Crude oil prices made some recovery last week after witnessing selling pressure in the preceding few weeks. Brent crude oil futures on the Intercontinental Exchange (ICE) was up 1.6 per cent by closing at $84 per barrel. Crude oil futures on the MCX posted a gain of 1.4 per cent by ending the week at ₹6,627 a barrel.

Brent Crude futures ($84)

Brent Crude futures remains within the range of $81-84. Technically, unless the contract moves out of this price band, we cannot be certain about the next swing in price.

But the bias seems to be positive and on the back of this, if the contract breaks out of $84, it can rally to $90, a resistance, quickly. Next resistance is at $96.

On the other hand, if bears gain traction and drag the contract below the support at $81, the Brent futures might decline to $77. Note that the price region between $76-77 is a support band.

MCX-Crude oil (₹6,627)

Crude oil futures (June expiry) has found strong support at ₹6,450. The chart indicates buying at these levels as the volume has been healthy as the contract advanced in the second half of last week.

However, there is a resistance at ₹6,670. If this level is breached, the contract can establish a rally to ₹7,250. Note that ₹7,000 can act as a hurdle. Nevertheless, once the contract breaks out of ₹6,670, it can gather enough momentum to surpass ₹7,000.

In case the contract falls from here and slips below ₹6,450, the downswing will most likely extend to ₹6,000 or even to ₹5,850, which are the important support levels.

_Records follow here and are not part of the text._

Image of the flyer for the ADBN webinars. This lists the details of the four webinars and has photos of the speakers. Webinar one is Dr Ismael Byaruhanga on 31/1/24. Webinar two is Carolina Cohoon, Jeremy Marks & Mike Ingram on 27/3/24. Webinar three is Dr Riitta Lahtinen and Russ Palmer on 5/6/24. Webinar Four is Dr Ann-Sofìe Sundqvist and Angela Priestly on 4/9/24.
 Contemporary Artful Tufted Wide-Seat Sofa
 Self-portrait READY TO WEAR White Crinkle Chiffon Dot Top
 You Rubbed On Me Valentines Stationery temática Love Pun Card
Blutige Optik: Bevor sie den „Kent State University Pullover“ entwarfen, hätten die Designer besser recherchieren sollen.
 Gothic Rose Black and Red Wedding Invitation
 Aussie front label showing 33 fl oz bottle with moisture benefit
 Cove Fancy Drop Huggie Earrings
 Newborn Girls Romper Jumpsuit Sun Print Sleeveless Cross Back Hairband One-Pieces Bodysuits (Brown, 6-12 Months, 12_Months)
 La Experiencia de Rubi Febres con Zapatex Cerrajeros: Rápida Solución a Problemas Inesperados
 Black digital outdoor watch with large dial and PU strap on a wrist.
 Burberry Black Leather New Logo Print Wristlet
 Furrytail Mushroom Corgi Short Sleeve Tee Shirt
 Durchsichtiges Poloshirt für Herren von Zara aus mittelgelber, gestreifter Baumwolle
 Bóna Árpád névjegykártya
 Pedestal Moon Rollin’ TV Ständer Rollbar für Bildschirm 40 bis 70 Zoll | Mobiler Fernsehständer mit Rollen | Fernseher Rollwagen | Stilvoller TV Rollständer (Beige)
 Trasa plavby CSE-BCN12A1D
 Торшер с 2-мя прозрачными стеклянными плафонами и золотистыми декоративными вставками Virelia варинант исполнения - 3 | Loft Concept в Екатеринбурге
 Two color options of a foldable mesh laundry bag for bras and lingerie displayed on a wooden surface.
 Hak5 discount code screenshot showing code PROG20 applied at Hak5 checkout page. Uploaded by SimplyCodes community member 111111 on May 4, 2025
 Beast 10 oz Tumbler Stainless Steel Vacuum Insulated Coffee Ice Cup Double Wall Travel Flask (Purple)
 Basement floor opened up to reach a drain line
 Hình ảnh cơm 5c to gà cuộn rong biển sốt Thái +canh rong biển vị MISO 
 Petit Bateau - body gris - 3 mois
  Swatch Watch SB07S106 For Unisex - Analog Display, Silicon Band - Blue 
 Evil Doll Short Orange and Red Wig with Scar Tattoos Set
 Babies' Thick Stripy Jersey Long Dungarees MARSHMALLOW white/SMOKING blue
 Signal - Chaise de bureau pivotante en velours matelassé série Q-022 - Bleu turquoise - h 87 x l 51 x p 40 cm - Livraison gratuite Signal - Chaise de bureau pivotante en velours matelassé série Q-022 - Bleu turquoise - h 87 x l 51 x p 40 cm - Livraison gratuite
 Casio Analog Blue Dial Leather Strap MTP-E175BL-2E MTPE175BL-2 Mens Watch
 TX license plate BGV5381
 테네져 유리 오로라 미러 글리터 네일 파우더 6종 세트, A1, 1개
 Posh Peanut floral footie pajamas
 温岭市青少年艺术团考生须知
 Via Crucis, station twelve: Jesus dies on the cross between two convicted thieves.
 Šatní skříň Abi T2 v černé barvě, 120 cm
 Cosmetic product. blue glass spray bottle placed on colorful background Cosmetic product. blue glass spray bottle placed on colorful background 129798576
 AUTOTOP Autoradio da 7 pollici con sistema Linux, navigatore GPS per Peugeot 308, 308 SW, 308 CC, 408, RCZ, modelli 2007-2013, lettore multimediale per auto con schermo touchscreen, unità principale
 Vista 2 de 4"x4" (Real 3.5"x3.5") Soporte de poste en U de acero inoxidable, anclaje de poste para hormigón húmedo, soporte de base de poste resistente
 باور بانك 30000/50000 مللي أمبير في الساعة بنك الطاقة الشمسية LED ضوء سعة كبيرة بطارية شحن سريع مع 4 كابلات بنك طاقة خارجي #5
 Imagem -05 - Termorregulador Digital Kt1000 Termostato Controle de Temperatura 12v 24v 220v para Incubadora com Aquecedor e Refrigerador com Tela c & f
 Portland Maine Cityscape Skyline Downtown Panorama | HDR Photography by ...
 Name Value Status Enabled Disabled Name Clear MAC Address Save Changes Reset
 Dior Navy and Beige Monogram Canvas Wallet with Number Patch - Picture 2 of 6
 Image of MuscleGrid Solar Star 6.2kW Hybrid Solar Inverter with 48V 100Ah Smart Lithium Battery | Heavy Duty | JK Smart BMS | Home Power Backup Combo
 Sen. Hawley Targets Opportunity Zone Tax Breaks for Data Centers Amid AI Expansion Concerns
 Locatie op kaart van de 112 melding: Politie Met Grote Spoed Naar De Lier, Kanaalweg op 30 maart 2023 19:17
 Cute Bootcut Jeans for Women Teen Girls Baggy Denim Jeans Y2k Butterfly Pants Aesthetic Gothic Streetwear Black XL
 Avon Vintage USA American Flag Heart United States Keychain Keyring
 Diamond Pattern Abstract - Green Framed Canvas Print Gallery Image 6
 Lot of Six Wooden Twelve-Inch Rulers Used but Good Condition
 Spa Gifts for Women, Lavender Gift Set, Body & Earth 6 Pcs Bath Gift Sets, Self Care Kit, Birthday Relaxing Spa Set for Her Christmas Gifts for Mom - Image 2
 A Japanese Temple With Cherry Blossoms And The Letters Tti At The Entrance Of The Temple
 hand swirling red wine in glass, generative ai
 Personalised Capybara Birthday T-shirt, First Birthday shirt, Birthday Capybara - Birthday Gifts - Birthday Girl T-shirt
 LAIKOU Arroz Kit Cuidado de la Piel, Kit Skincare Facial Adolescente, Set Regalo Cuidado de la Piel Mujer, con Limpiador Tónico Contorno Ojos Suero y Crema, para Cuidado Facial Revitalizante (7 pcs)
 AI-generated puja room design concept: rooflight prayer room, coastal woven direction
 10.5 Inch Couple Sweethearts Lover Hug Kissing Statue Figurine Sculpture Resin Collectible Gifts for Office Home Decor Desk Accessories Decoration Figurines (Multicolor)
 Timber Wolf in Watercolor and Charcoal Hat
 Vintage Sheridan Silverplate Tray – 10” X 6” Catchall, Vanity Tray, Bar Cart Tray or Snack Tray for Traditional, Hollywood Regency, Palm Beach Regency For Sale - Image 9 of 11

Trade strategy: A couple of weeks ago, we suggested buying May crude oil futures at an average price of ₹6,775. Since it expires on May 20, we recommend to roll-over the longs. That is, exit the longs in May contract and immediately buy July futures, which is now at ₹6,627.

Stop-loss can be at ₹6,370. When the contract moves above ₹6,670, tighten the stop-loss to ₹6,450. Once the contract touches ₹7,000, raise the stop-loss further to ₹6,750. Book profits at ₹7,250.